The text included an invitation to us personally. The author had read about our farm on the Internet and was inviting us to a conference in Bredasdorp, South Africa.
The idea of the conference was “to connect farmers from different parts of the world and to give them the opportunity to talk about how they can make a difference in their own communities. We welcome people like yourselves to share your experiences with others.” The conference was only 38 days away — Sept. 5.
So many miracles occurred in those next few weeks as God orchestrated four passports, arranged discounted flights (charged to credit cards in faith) and assured our family that this was His plan. My aging father-in-law was extremely ill and our fall farm season would begin only seven days after we returned from South Africa. And we farmers were not world travelers.
Twenty-two hours after leaving Nashville on Sept. 3, we landed during the spring season in Cape Town, South Africa. As we traveled to our hosts’ home, we saw landscape covered with sheep and canola in full bloom, a countryside so very different from our own. We arrived at the du Toit farm house and watched hundreds of sheep being moved across the driveway with the dogs and farm staff.
For dinner, we shared a meal of roasted lamb as the family began to tell us their stories of farm life and their walk in faith. They raised sheep — about 6,000, but because of the very limited rainfall (18 inches total compared to the average of 40 inches in Kentucky), they had to use all of their 25,000 acres to support the sheep. We could not even comprehend what an incredible effort it was to farm in such a dry climate.

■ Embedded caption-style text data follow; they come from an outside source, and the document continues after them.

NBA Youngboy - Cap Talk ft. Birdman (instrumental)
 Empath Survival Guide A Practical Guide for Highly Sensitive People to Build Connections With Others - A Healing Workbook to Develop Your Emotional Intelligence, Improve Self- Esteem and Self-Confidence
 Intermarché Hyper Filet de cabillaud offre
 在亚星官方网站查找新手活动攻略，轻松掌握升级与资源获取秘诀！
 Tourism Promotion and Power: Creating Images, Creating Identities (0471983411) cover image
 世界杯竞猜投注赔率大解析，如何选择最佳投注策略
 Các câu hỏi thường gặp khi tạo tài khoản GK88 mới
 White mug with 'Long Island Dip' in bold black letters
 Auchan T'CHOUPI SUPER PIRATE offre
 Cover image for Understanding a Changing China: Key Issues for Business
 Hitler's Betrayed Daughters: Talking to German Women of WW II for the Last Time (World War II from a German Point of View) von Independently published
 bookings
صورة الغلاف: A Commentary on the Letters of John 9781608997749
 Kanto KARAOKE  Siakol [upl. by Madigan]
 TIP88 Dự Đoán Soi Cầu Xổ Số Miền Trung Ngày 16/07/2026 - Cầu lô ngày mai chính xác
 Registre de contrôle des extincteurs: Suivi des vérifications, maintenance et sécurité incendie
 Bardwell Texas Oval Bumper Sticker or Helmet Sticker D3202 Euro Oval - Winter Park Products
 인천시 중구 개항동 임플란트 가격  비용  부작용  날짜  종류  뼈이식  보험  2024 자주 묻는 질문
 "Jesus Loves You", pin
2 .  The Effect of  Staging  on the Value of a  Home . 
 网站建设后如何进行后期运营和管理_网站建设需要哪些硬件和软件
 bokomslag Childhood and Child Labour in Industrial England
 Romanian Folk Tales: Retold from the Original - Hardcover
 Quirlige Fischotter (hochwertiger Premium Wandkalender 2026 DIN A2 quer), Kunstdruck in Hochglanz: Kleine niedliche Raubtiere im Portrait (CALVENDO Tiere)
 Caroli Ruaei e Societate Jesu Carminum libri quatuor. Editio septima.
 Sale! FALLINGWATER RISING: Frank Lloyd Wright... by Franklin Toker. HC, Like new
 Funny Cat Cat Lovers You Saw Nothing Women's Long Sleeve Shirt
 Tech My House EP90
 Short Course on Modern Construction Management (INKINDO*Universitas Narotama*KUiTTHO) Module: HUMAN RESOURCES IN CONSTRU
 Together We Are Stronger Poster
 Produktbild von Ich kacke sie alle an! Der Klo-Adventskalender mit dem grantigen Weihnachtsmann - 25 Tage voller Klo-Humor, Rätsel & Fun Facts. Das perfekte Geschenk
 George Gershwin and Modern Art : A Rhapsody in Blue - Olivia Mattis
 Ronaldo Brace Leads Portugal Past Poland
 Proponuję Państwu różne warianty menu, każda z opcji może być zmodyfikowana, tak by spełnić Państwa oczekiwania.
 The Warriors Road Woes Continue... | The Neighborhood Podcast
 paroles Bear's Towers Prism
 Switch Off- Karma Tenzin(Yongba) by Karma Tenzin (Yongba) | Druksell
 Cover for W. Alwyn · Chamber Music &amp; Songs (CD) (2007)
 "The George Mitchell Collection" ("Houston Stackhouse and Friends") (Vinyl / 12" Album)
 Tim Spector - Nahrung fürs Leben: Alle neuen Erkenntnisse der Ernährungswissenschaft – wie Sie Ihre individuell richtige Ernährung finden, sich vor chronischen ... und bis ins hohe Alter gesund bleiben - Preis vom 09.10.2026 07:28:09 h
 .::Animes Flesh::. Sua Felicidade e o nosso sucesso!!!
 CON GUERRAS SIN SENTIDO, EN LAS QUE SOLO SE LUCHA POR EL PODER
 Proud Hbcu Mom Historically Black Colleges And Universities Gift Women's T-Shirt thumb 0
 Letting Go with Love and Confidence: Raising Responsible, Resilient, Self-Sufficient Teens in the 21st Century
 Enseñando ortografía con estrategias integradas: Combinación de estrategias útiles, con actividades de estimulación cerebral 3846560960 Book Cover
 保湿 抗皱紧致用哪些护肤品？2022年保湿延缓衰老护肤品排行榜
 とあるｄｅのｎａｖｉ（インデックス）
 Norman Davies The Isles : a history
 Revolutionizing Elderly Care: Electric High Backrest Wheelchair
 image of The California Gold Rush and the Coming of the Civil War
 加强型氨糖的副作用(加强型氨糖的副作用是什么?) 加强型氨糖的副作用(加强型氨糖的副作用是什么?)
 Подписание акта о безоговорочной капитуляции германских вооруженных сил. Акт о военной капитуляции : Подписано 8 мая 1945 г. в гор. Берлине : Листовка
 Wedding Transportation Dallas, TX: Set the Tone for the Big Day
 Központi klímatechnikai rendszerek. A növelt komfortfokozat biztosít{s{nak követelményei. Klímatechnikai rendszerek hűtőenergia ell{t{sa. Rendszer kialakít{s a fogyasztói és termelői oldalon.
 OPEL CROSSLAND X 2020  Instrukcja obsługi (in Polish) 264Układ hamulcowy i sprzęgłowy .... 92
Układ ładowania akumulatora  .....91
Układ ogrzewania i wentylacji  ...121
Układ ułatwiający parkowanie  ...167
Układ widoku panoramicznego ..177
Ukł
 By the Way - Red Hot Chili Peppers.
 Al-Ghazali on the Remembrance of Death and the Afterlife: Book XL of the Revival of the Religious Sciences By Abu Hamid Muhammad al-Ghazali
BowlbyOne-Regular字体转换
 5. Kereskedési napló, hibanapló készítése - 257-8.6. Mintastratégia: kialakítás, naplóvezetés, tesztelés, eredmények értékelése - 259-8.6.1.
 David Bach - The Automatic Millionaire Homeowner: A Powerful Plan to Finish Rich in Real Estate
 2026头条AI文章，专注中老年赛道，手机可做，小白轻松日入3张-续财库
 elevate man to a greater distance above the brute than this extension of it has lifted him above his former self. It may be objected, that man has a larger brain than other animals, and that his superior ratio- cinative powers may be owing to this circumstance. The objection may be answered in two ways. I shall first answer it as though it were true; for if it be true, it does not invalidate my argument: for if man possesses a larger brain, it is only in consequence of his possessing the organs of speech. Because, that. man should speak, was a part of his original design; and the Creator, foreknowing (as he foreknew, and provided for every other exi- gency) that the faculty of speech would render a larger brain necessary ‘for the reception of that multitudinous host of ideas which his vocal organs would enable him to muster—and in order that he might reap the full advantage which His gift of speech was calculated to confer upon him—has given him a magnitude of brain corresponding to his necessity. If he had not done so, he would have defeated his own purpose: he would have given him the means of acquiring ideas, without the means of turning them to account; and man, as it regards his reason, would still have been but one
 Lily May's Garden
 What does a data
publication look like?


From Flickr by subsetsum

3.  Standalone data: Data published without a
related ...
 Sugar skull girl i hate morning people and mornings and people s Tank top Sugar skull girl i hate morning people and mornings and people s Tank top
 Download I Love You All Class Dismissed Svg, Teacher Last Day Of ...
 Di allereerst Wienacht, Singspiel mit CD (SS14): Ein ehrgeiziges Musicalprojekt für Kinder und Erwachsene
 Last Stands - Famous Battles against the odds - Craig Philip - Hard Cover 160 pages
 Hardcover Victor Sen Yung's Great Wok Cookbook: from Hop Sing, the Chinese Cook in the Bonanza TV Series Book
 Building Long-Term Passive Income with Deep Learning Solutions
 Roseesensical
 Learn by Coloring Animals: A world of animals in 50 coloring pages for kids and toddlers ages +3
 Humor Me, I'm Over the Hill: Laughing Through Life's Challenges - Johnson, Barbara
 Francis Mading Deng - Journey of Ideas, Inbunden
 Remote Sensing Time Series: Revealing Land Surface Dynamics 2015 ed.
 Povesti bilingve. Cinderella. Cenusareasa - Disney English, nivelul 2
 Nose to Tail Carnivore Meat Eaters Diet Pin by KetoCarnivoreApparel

The days ahead were filled with similar stories. We saw a country ravaged by apartheid and all the issues of race and inequalities yet we saw these Christian farmers and laborers working hand in hand to make a difference. We learned of the struggles from our new farmer friends from Europe and other parts of Africa. We talked with African farmers who were trying to teach their community how to grow peanuts and then turn them into consumable products, not unlike what our early American farmers did as they transitioned from cotton to peanuts in the early 1900s.
We also heard from one of the developers of the movie “Faith Like Potatoes.” Not knowing about the movie, prior to leaving America we had read the story of Angus Buchan, a Christian farmer in South Africa who chose to plant potatoes in the year of a drought. But in faith, he planted and his harvest was bountiful. Imagine how our faith was lifted as we experienced all these stories of farmers and their perseverance.
For four days, we worshipped and fellowshipped with farmers from around the world. While vastly different, we were all the same — farmers who loved Jesus and were walking in faith. And yet, until the end, we didn’t really know why we were there, but God used this trip to teach us.
On the last day of the conference we went to Cape Aguhlas, the most southern point of Africa. There were two men from two different countries, Kenya and Scotland, doing the most important part of farming — walking in faith. Those men showed us how to make a difference in our communities: they were praying, not for themselves but for people of all the nations. We heard Him — go home and do likewise.